ポジティブ強制文化で消耗する要因は、大きく三つに分けられる。しっかり把握することが、対処の第一歩になる。
一つ目は「感情労働」だ。自分の本音と関係なく、場に合った感情を演じ続ける作業のことを言う。笑顔を作る、テンションを合わせる、ネガティブを抑える。これは仕事の作業量とは別に、心のエネルギーを大量に消費する。体が疲れる「肉体労働」があるように、心が疲れる「感情労働」がある。それは目に見えない疲れだから、周りに理解されにくい。
二つ目は「自己否定の積み重ね」だ。「こんなこと気にしてる自分がおかしい」「みんな普通にやれてるのに」と、自分の疲れを否定し続けること。これが一番じわじわとダメージを与える。疲れているのに「疲れてはいけない」と思い込むと、疲弊が倍速で進む。
三つ目は「出口のなさ」だ。しんどい気持ちを吐き出す場所がないと、感情がたまり続ける。職場では言えない、家でも心配かけたくない、友達にはうまく伝わらない。そういう孤立感が疲弊を加速させる。
テキトー紳士「自分がどれで消耗してるか、分かりましたか?」
モヤ子「全部です…でも特に、感情労働と自己否定の組み合わせが一番きつい気がします」
テキトー紳士「なるほど。笑い続けること自体がしんどいのに、さらにその疲れを『自分がダメだから』と受け取ってしまってる」
モヤ子「そうです、そうです!」
テキトー紳士「それは二重にきついですね。感情労働は誰でも疲弊します。あなたが弱いわけじゃない。まず、そこから認識を変えることが必要ですよ」
感情労働の疲れは、実は学術的にも認められている概念だ。社会学者のアーリー・ホックシールドが提唱した「emotional labor(感情労働)」という概念で、特にサービス業や職場でのコミュニケーションに強い負荷がかかることが知られている。
つまり、あなたが感じている疲れは「気の持ちようの問題」じゃない。れっきとした心への負荷なのだ。
厚生労働省もメンタルヘルスに関する情報を公開しており、職場でのストレス対処についてこころの健康(厚生労働省)でも取り上げられている。自分の疲れを「おかしい」と思う前に、まずそれが自然な反応だと知ることが第一歩になる。
モヤ子「感情労働って言葉、初めて知りました。なんか、自分のしんどさに名前がついた感じがして、少し楽になりました」
テキトー紳士「そうでしょう。

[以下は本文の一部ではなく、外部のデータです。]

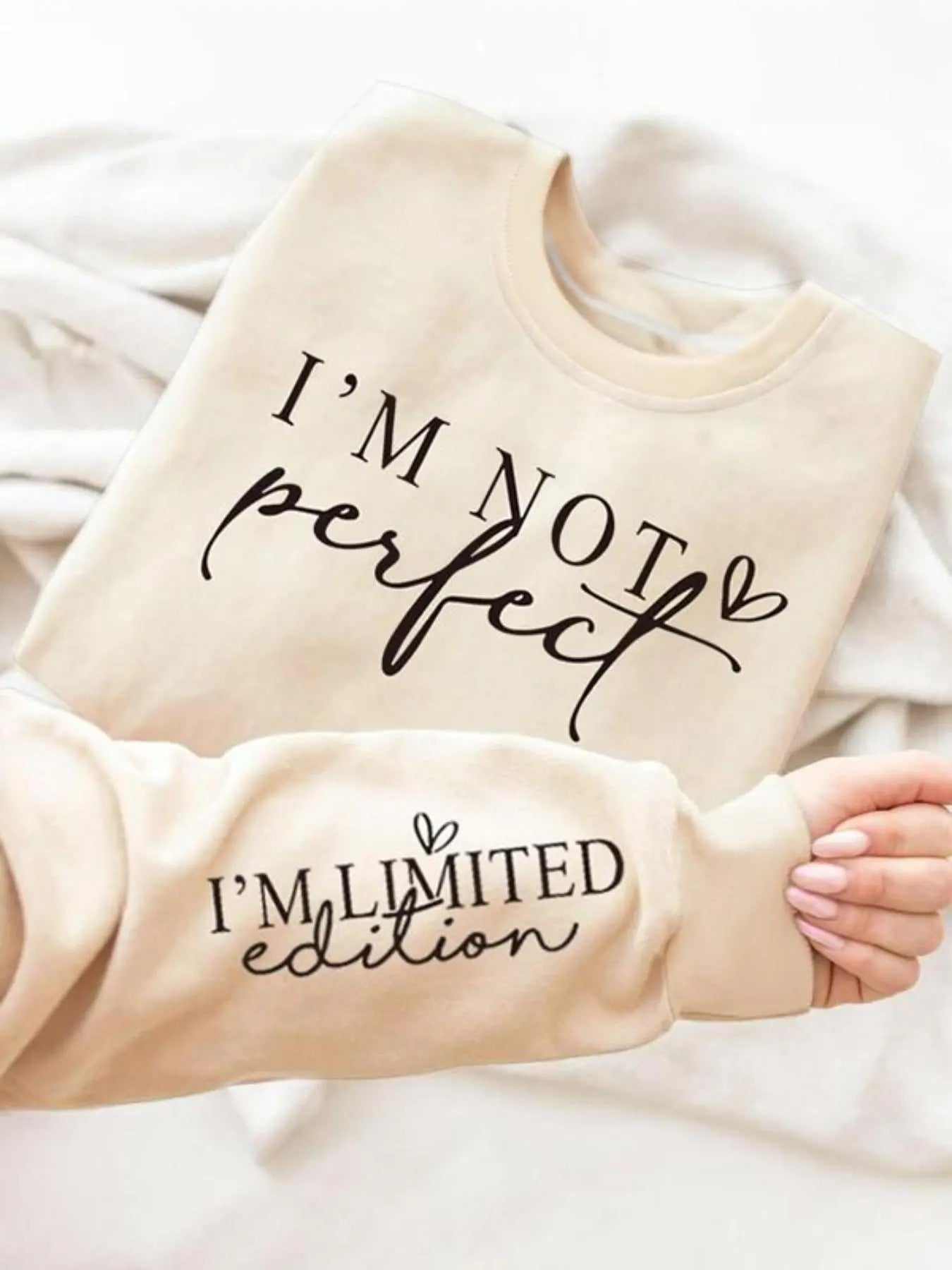 Women's Letter & Heart Print Round Neck Sweatshirt, Casual Long Sleeve Crew Neck Pullover for Spring & Fall, Fashion...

名前がつくと、扱いやすくなります。正体不明のモヤモヤより、『感情労働の疲れ』の方が対処しやすい」
自分を責める前に、まず「自分は今、感情労働をしているんだな」と客観的に認識することが大切だ。その認識だけで、消耗の半分は和らぐこともある。
また、毎日何となくイライラしたり、感情のコントロールが難しくなったりしているなら、毎日イライラする原因と対処法をオカンに相談したら目が覚めたも参考になる。
笑顔と本音の「棲み分け」を作る
ポジティブ強制文化を一人で変えることは難しい。だから、その中でうまく生き延びる工夫が必要になる。
ポイントは「全部演じるか、全部本音を出すか」という二択をやめることだ。これはどちらも極端で、どちらも長続きしない。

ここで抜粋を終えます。